Sanders encourages people to report doxxing and harassment online to the private companies that operate websites where this type of behavior takes place. While the government may not be able to restrict a person’s speech online, private companies, like Facebook and Twitter, can.

“I think it can be very effective for individual users to report this kind of harassing behavior when it happens on Twitter or Facebook because those companies have the ability to take action,” she said. . “They have the ability to create spaces free from harassment. “

If a private business like a social media site is involved, Sanders said, people “have more room to act.” They can request that the position be abolished, although this does not guarantee that the company will comply.

“The onus shouldn’t be on the person who has had a doxx, but unfortunately you often have to try to find out where their information is and then try to sort through the layers of whoever is hosting the website to request that the content be deleted. different.
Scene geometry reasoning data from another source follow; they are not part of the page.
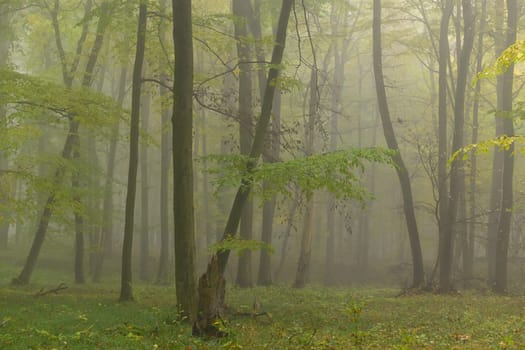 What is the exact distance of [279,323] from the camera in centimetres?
1047

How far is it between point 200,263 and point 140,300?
20.1m

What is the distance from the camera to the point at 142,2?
1247cm

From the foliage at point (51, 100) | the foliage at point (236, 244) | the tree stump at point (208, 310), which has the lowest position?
the tree stump at point (208, 310)

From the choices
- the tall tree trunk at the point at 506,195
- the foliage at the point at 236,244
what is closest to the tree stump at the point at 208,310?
the foliage at the point at 236,244

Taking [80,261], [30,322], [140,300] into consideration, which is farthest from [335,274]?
[30,322]

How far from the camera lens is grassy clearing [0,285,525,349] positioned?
24.7ft

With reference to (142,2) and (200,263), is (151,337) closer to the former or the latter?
(142,2)

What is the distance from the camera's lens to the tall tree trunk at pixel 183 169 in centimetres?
1016

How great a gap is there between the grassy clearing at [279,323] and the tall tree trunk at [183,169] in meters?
0.78

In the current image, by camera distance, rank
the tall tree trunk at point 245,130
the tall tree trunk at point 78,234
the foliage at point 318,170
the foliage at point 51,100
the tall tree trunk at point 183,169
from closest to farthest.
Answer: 1. the foliage at point 318,170
2. the tall tree trunk at point 183,169
3. the foliage at point 51,100
4. the tall tree trunk at point 245,130
5. the tall tree trunk at point 78,234

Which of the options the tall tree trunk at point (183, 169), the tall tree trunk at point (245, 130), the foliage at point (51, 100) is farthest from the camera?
the tall tree trunk at point (245, 130)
What does the Austin Police Department say about these situations?

If you see stickers or flyers in public spaces promoting hate groups or racist messages, you can make a non-urgent report by calling 311 or reporting it to iReportAustin.com.

“Once the reports are completed, they will be sent to the appropriate unit for investigation,” an APD spokesperson told KUT via email.

If the situation is ongoing (you see someone filing the documents), APD says to call 911.

In a doxxing situation, if you feel there is an immediate threat to your safety, APD says to call 911. If there is no immediate threat, call 311 or visit iReportAustin.com.